Comanechi lose their tops. The almost deliberately clumsily trodden. Ox.Eagle.Lion.Man and Chromeo - rarely paired-up for summarisation purposes - both suffer from the same pitfall: their sets are so self-satisfied and smothered in a lack of conviction that, for all the Beefheart/Prince aping, it all comes across like someone sarcastically hollering their way through a karaoke set. On the flip of that coin, These New Puritans - long derided as little more than an oddly amalgamated ode to their influences - demonstrate quite how significantly they have developed. Jack Barnett casts an odd centre of focus - top-button-buttoned, crippled claw outstretched – yet far more percussively focused than before, pained and lunken like slowed-down bullet bursts.
In the absence of ESG many find solace in Errors, whose soft drones and splintered glitches work to effect as dulled skulls sway. If ever an act had a trump card in a track it’s these Scots and 'Mr. Milk' and - if only for half an hour - the non-appearance from the Bronx beatniks is forgotten. Then, The Fall. Relying heavily upon material from the hollow and uninspired Reformation Post TLC, (RE: adjectives: particularly when compared to recent Tromatic... escapades with Mouse On Mars), Mark E’s ever-central contribution seems to have provided a new lease of inspiration. The set closes with Smith returning to the sidelines whilst his makeshift ensemble industrially charge on. He leers over as gurning buffoons howl for more. He turns and leaves the stage victorious.
DiS gets separated, minds scramble and end up separated glaring upon Dizzee Rascal and his cohort leaping around on stage. More focused than at Melt!, aided by tighter sound and a mangled crowd, front is customary even as revellers lag. Early material increasingly eclipses recent efforts; 'I Luv U' is brutal but basic, and 'Sirens'' desperate dirge drowns out Rascal's rasp. A catfight ensues between a few girls; slapping and biting and pulling at hair. The two are exhumed and expelled out through the crowd, boys laughing, warriors shrieking.
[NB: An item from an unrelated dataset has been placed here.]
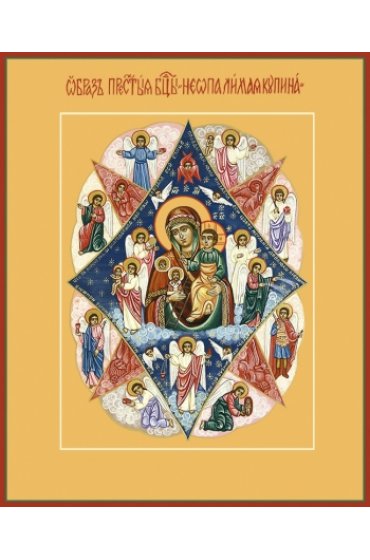 Икона Божья Матерь Неопалимая Купина, арт MSM-264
For most, Foals' performance is the first chance to see how working with Dave Sitek on their debut has warped them from their initially promising groundings. It hasn't. Whilst they are a tighter unit than before, there has not been the progression that many had hoped would have developed. Whilst the skewed innovation of Battles remains the root of their sound, there remains in this a Bloc Party-sourced yelping that can sometimes flounder. 'Balloons' seems to curtail into the next effort - all of a sudden it’s 'Mathletics' and our ears are oblivious in calling to question whether Foals are merely one trick ponies.
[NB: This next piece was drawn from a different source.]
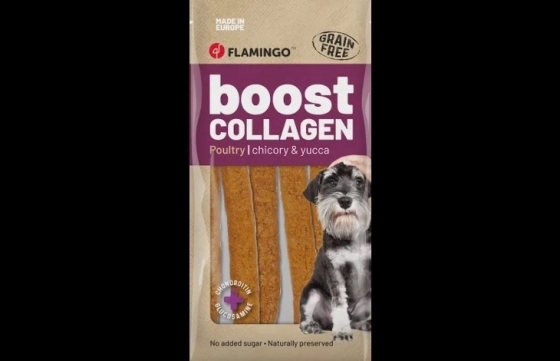 Snack Boost Worst met kip & collageen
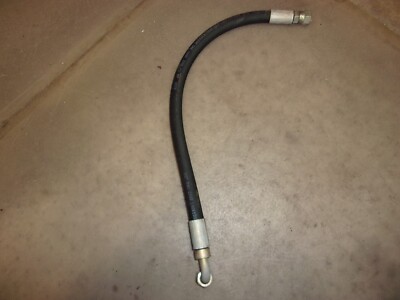 OEM GENUINE USED EXMARK LAZER Z  HIGH PRESSURE HOSE   P/N  1-403102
Similar accusations could be levelled at Fucked Up and Uffie, though without the easy humour. Bored, motion gradually becomes a means for warmth rather than for exploration. Minds closing in around us, we rock back and forth with other casualties in a tent watching Medhi being too lively for our eyes to really take as they start to seal over.
When the performances start to dry up around 4am and with only a few tents scattered throughout the grounds, it leaves many a heavy head on hay bails with little in the way of shelter other than a propped position against an oak. The scenic nature of the grounds provide the festival an impressive setting, but whilst it may boast a venue with the largest ash tree in Britain, given the ultimatum, with only one food stall on site serving spinach and ricotta twists, most would chose a mouthful over an eyeful. Rutgot... Gutrot... Fatigue and dejection have set in around the site and many start to amble back towards tents/cars/train station. Some hardy sorts battle the collective sigh by rocking up on the fell trunks dotted across the freezing landscape. Comedowns litter the gardens like wheezing black holes.
It's like a festival having been circumcised, serving a purpose but lacking in providing anything much in the way of true enjoyment. With reams of tickets going spare in tight pockets, curling like thin-cleaved skin we begin the joyless, 12-hour odyssey home to bed. No sleep on concrete, no sleep on trains, with little to rationalise the ache.